I had an eye-opening experience last night after a night of "aromatherapy" - here's what I was able to put down on paper before starting work for the day (what I would call my "responsibility" at this point) I don't know what I'm looking for here but I just felt like I had to put it out there and I'd be afraid to relate this to friends or co-workers - at least until I get a handle on things. Okay, enough with my boring crap, here it is.

Fading already but it happened - When I went to bed last night “life” took a turn for me. I was able to experience and see that a “person” is really nothing but a collection of experiences of the soul – the soul is an eternal energy of some type – anyway, back to the experience.
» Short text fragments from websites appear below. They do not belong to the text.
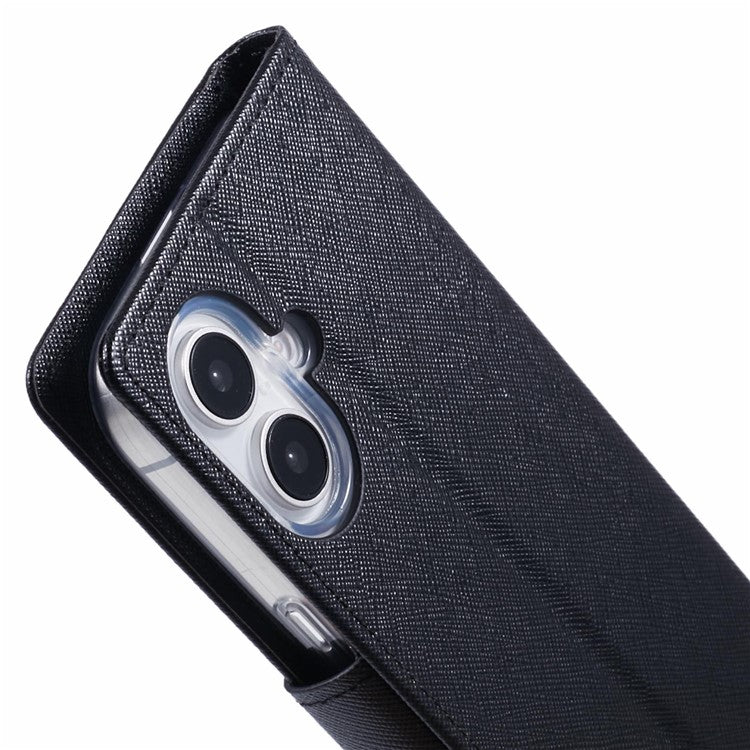 MERCURY GOOSPERY For iPhone 16 Plus Case PU Leather Wallet Phone Cover - Black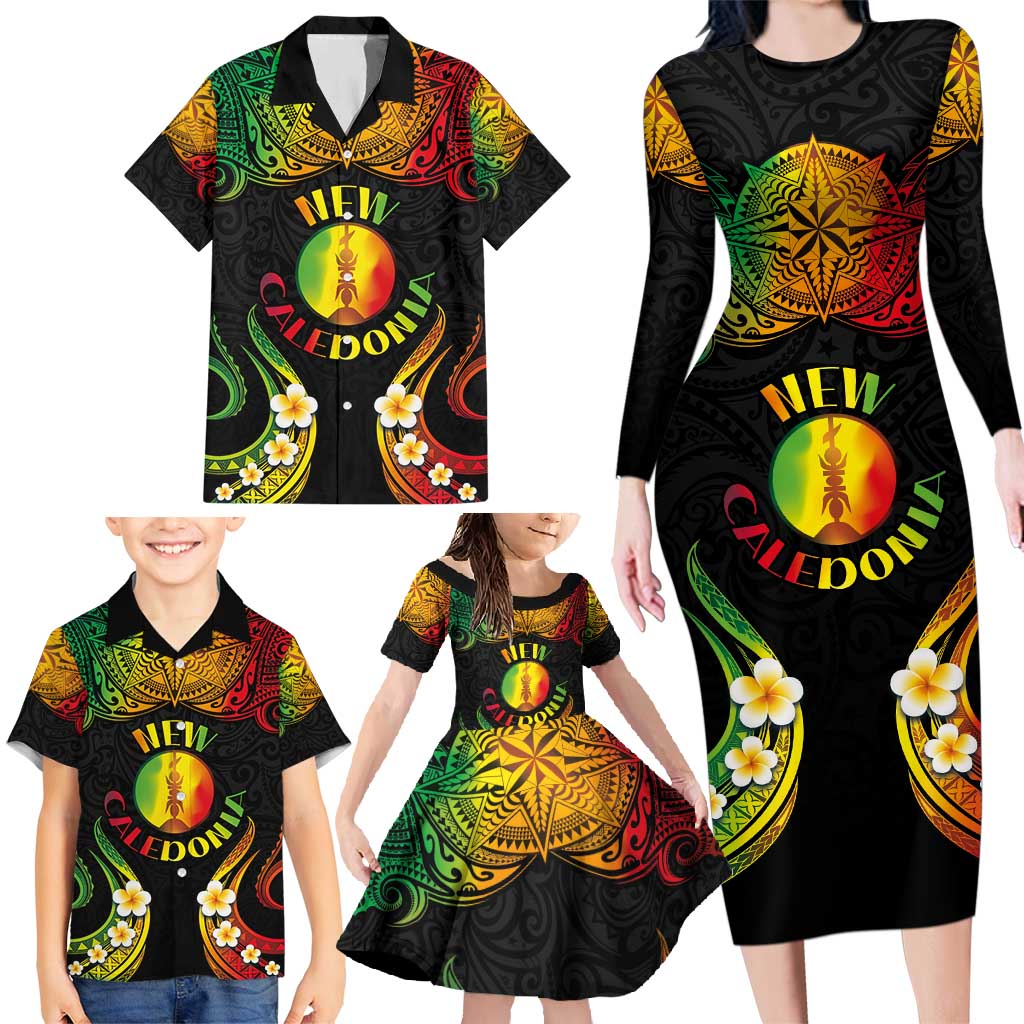 Personalised New Caledonia Independence Day Family Matching Long Sleeve Bodycon Dress and Hawaiian Shirt Polynesian Tattoo and Plumeria Reggae Color LT03 - Polynesian Pride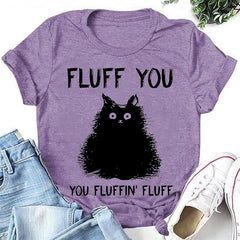 Fluff You Print Women Slogan Plus Size T-Shirt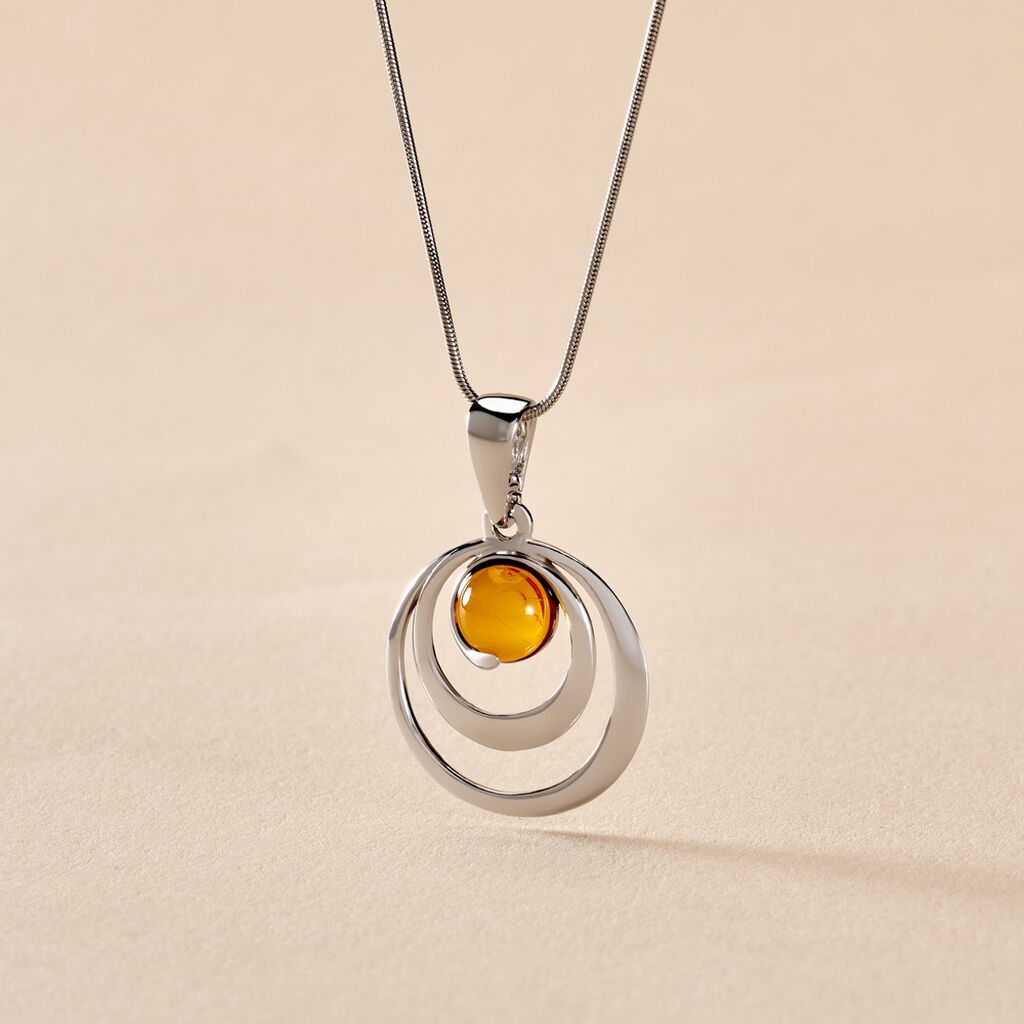 Collier Argent Blanc Alanna Ambre - Colliers fantaisie Femme | Histoire d&rsquo;Or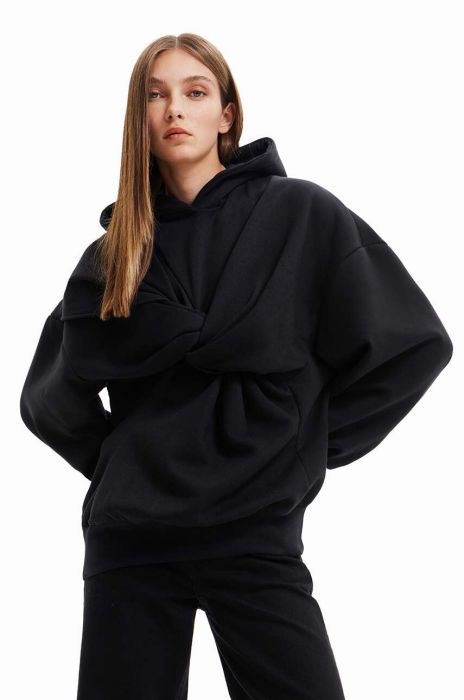 Кофта Desigual жіноча колір чорний з капюшоном однотонна (3624811)
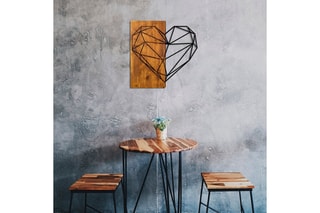 Décoration murale Heart - Naturel et noir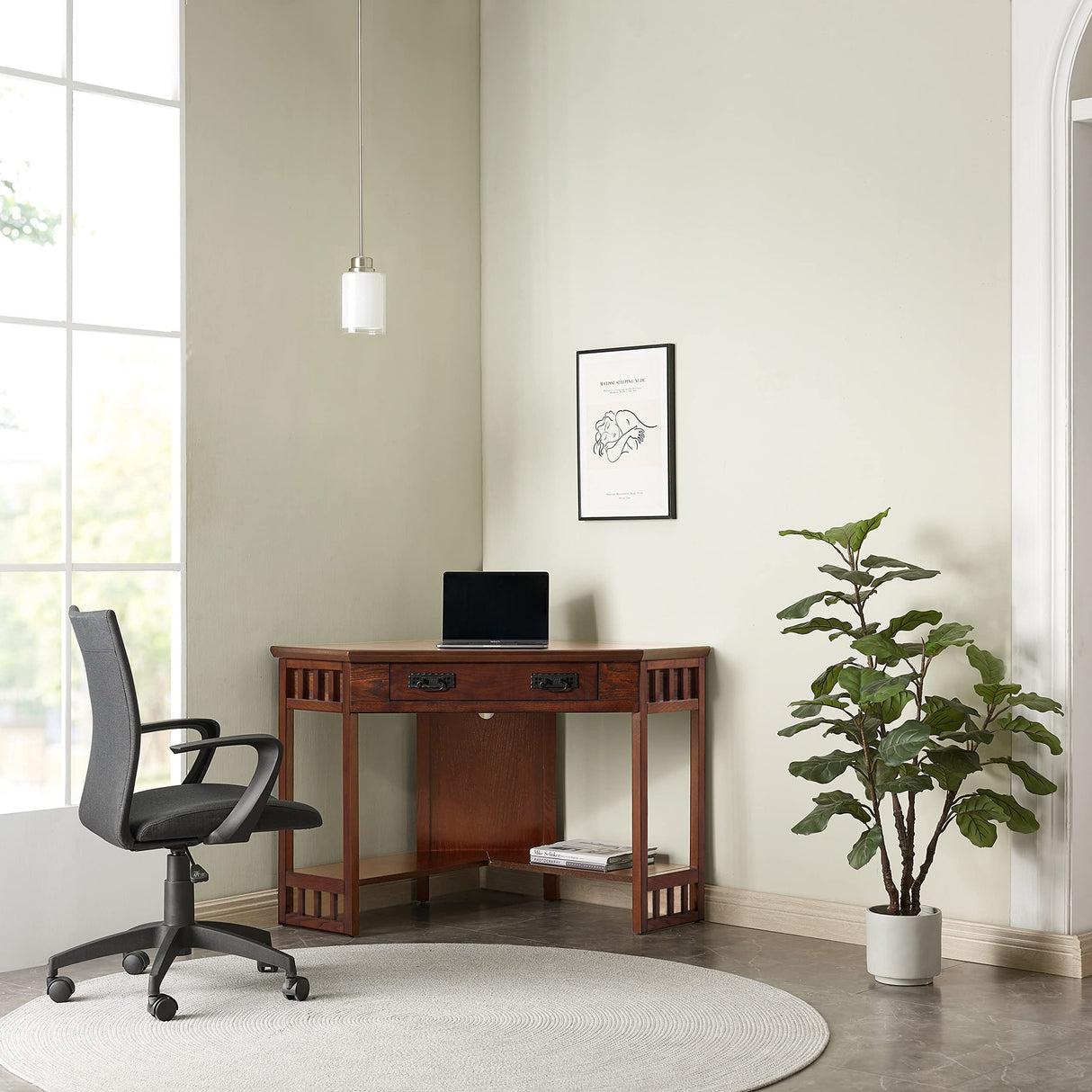 Corner Computer and Writing Desk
Laying there I could feel the weight of the world pressing on me – I forgot who I was, what my place was in this world, what I even looked like - the world was spinning and I could feel it – I could see all the people but it was more like looking at their souls and this world around me got bigger and bigger while I got smaller and smaller until I saw my death (not like getting run over by a car but that this life, this person will end) - It was then that this life came back in a sense - I felt like some great secret had just been revealed to me and the time of this life had come to an end. I could see the continuation of this soul. I could see the "person" that would be remembered by those around me (but the "person" was just a collective of other's memories, that's all - I remember thinking I didn't want to be that guy but I had to face it that I was that guy) and how we were connected and I was faced with a choice, don’t ask me what it was (I feel there was a question asked) but I made the right choice - and gained the knowledge that everyone will face the same at the end, some choice or question that they have to make or answer to determine where the soul goes maybe? - it felt like the choice I made or answer I gave was to save the soul inside me – not me, this life was irrelevant in the grand scheme of things, but the soul. At first I was soooo afraid and upset because I KNEW this was the end of life that everyone experiences and I was so sorry I didn't get to tie up the many loose ends of this life that I had just lost. I just knew that this body would not wake up again, but when I realized that whatever the case I knew the path I had chosen or answer I had given was right and that all was well with my soul - it was like the lives this soul has been living were tainted or making the same mistakes over and over and suddenly I had broken that bad habit. I was happy and ready, ready for the next part - would the light everyone talks of be a rebirth? But there was no light, only sleep and now I’m still here –

I've googled my experience trying different key words and found topics on the death of the ego - is that what I experienced? I don't know, I do know the day just feels mundane and the only way I could go to work today was to accept that I have a responsibility to do so. Buddism also popped up and there are many tenets there that suddenly seem familiar and are attractive - I'll be doing some reading on that later. I definitely feel different now – I remember thinking that I would forget all this but that I had to have faith in the fact that at the end, I knew (know) - that the soul continues – and the choice I made felt heroic and epic at the same time and that I made the right choice. Again, don’t ask me how or why or what but I recall wondering if I'd get it right in the next life too. It's amazing and terrifying at the same time. I also know that at the end I remembered everything about this soul and while I was feeling so bad about leaving my family and past behind that it was okay because in the end those I hurt or left behind would also have a chance to see the truth and then they would know, they would feel just what I did.

I'm thinking of reading "After the Ecstasy the Laundry" by Jack Kornfield - any other constructive suggestions?
 
Sorry, the 'aromatherapy' was a reference to herbal incense (smoked not burned)

Thanks for relating your experience and insight. I'd be interested to hear more about the road you took if you're interested in sharing. And thanks for the links.